Many families are fearful of reporting loved ones missing, worried that doing so could affect their chances of coming home alive. “Many protesters have also been portrayed as vandals, so people worry that their loved ones could be investigated if they report them missing,” Arboleda said.
Meanwhile, authorities continue to find corpses. Last month, the severed head of Santiago Ochoa, 23, was found in a black bin liner left in a rural garden in Tuluá, a town in Colombia’s conflict-ridden Valle de Cauca province. He had been reported missing two days earlier.
Days later, forensic scientists searching for Ochoa’s body pulled the remains of Hernán David Ramírez, 25, from a nearby river. He had been missing since 10 June.

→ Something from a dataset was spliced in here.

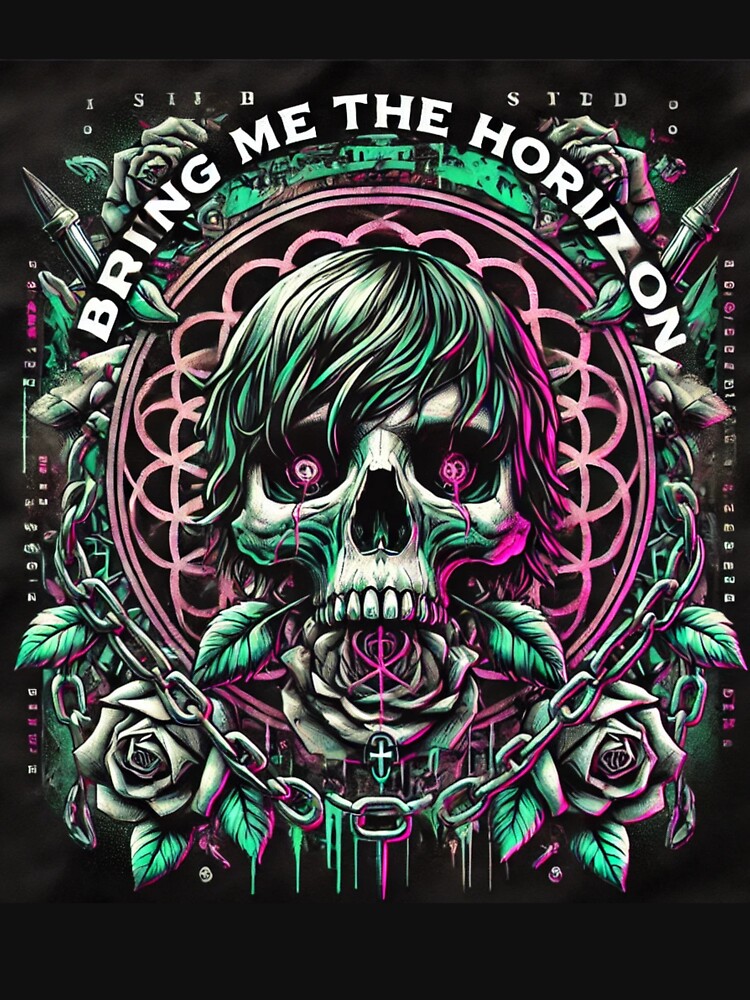 Bring Me the Horizon Inspired Gothic Skull and Roses Design by Vikingaquarist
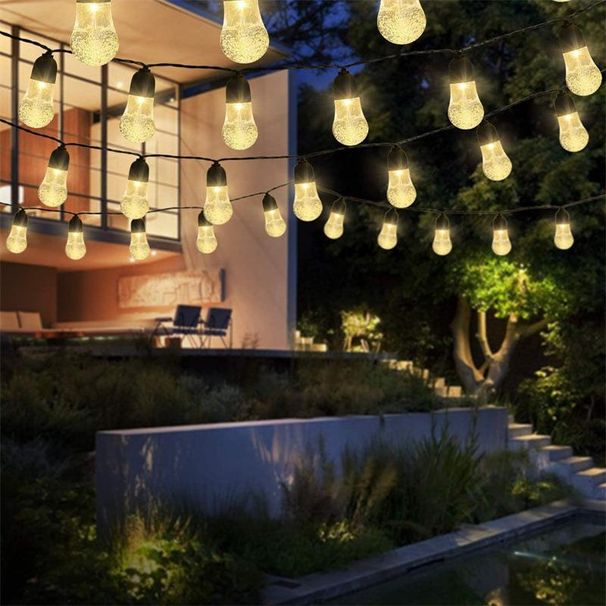 Outdoor Waterproof 30led Crystal Ball String Light G40 Garden Decoration String Light Solar Bubble Ball Light String_voghion.com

In several Colombian cities – including Cali, Pereira and Pasto – police officers have detained protesters in extrajudicial sites, using football grounds and shopping centres to hold people without formally charging them.
Such tactics have prompted comparisons with bitter memories from elsewhere in Latin America.
During the cold war, tens of thousands of people were kidnapped and murdered by the military in Argentina, Chile, Brazil, Uruguay and Guatemala. In Mexico, about 85,000 people have disappeared since 2006, when its government began ramping up offensives on drug traffickers.
During Colombia’s 50-year conflict with the Revolutionary Armed Forces of Colombia (Farc), more than 100,000 people were forcibly disappeared, with atrocities committed by state-aligned paramilitary groups, leftist rebels and Colombia’s conventional forces.
On Tuesday, a court charged a general and nine officers with forcibly disappearing 24 people and murdering at least 120 civilians, who were later passed off as guerrillas to inflate combat kills and receive bonuses.
A 2016 peace deal with the Farc formally ended that conflict, in which 260,000 people died and 7 million were displaced. But the shadow of that violence still looms over Colombians like the Barros family.
In 2006, when Duvan was a toddler, the pair left their home on the Caribbean coast after militiamen killed Barros’s brother. She suspected the men belonged to a paramilitary group, but when she started asking questions, death threats began – and she fled to the capital.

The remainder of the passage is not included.